Why This Matters for Security Teams
For AI agents, the real issue is not choosing between least privilege and lifecycle governance, but recognising that autonomous, goal-driven software changes access risk after the initial grant. An agent can chain tools, copy prompts, reuse keys, and continue operating long after the original task is finished. That means static RBAC alone is too blunt, while lifecycle controls without scoped permissions leave too much standing access. Current guidance suggests treating both as baseline controls, not sequential phases.
This is reflected in OWASP NHI Top 10 and in the NHI Lifecycle Management Guide, which both emphasise scoping identity at issuance and removing it when purpose ends. The same pattern appears in NIST AI Risk Management Framework, where governance must cover design, deployment, and monitoring together. Teleport’s The 2026 Infrastructure Identity Survey reports that systems with least-privileged AI access had a 17% incident rate versus 76% for over-privileged systems, underscoring how quickly exposure rises when agents are given more reach than the job requires. In practice, many security teams encounter agent sprawl only after a copied workflow has already retained access.
How It Works in Practice
Security teams should implement least privilege and lifecycle governance as one operating model for agents. The agent needs a workload identity, a narrow policy boundary, and a defined retirement path. That means issuing credentials per task, not per project, and revoking them automatically when the task ends, the model changes, or the workflow is decommissioned. For autonomous systems, the right pattern is often intent-based authorisation: evaluate what the agent is trying to do at request time, then decide whether that action fits the approved context.
Practically, that can mean:
- Using workload identity as the primary control plane, rather than shared human-style accounts.
- Issuing JIT, short-lived secrets instead of static keys that can outlive the agent’s purpose.
- Applying policy-as-code at runtime, not just during provisioning, so tool calls are rechecked in context.
- Linking approval, expiry, and revocation to the agent lifecycle, including cloning, redeployment, and abandonment.
This approach aligns with OWASP Agentic AI Top 10 and CSA MAESTRO agentic AI threat modeling framework, which both stress runtime controls for unpredictable behaviour. It also fits zero trust ideas in NIST Cybersecurity Framework 2.0 and NIST SP 800-207 Zero Trust Architecture. NHIMG research shows why this matters: AI Agents: The New Attack Surface report found that 80% of organisations say their agents have already acted beyond intended scope. These controls tend to break down when legacy IAM is forced to manage multi-step, self-directed agents because the access pattern is no longer predictable enough for static roles.

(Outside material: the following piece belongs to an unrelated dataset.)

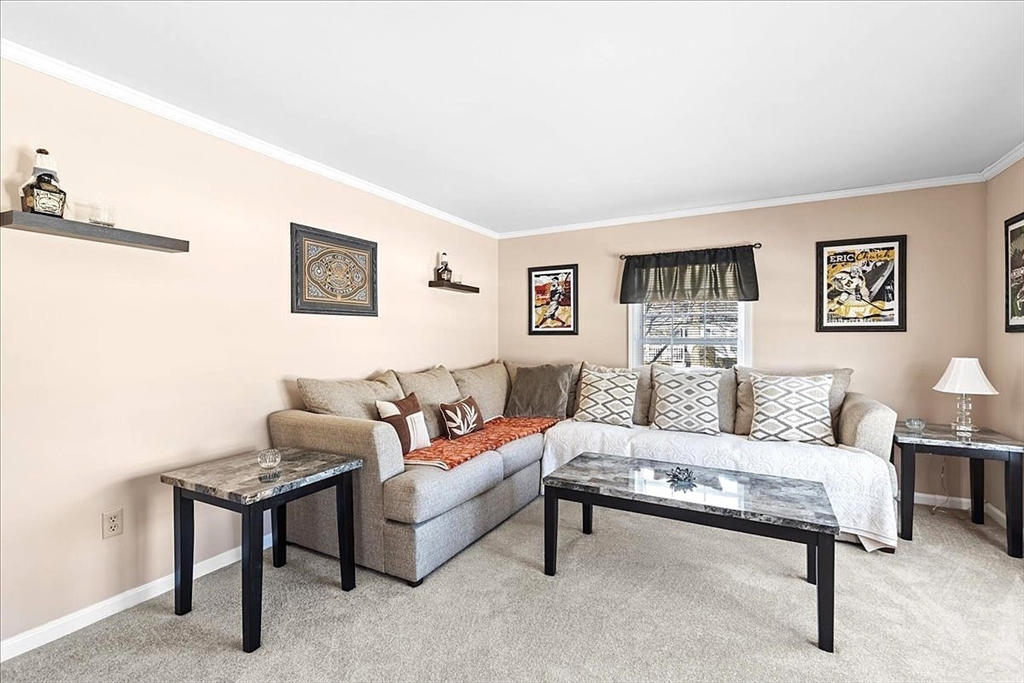 4 Knollwood Dr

Common Variations and Edge Cases
Tighter lifecycle controls often increase operational overhead, requiring organisations to balance faster delivery against more frequent credential issuance, revocation, and audit review. That tradeoff becomes more visible in multi-agent workflows, where one agent may spawn another, hand off a task, or inherit tool access temporarily. Best practice is evolving here, and there is no universal standard for every orchestration pattern yet.
Edge cases usually involve long-running automations, shared platforms, or agents that need to act across multiple environments. In those cases, teams should still avoid standing privilege and instead segment by task, tenant, and environment, with separate identities and separate expiry windows. If an agent must remain available, lifecycle governance should define whether it is idle, suspended, or retired, and whether its secrets are rotated on each state change. The Ultimate Guide to NHIs — Lifecycle Processes for Managing NHIs and Guide to the Secret Sprawl Challenge are useful references for preventing abandoned agents and hidden credentials from lingering after business need ends. For broader governance context, NIST AI Risk Management Framework remains the cleanest external anchor for combining oversight, measurement, and response. The model is simple: grant less, time-box more, and retire faster than the system can drift.

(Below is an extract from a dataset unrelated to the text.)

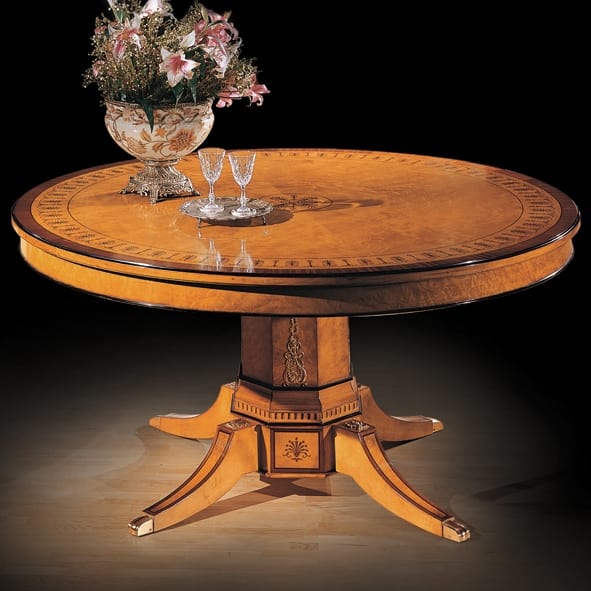 Table 1176, Classic table in myrtle briar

Standards & Framework Alignment
This section maps relevant standards and security frameworks to the operational risks and controls described in this guidance.
OWASP Agentic AI Top 10 and CSA MAESTRO address the attack and risk surface, while NIST AI RMF set the governance and control requirements practitioners need to meet.

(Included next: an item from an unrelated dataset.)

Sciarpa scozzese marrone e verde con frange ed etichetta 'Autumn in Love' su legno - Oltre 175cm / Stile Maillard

| Framework | Control / Reference | Relevance |
|---|---|---|
| OWASP Agentic AI Top 10 | A1 | Agentic controls address autonomous tool use and overreach. |
| CSA MAESTRO | MAESTRO models runtime agent risk and lifecycle-aware governance. | |
| NIST AI RMF | GOVERN | AI RMF govern function covers accountability for autonomous agent decisions. |
Assign ownership, policy, and review responsibilities for every deployed agent.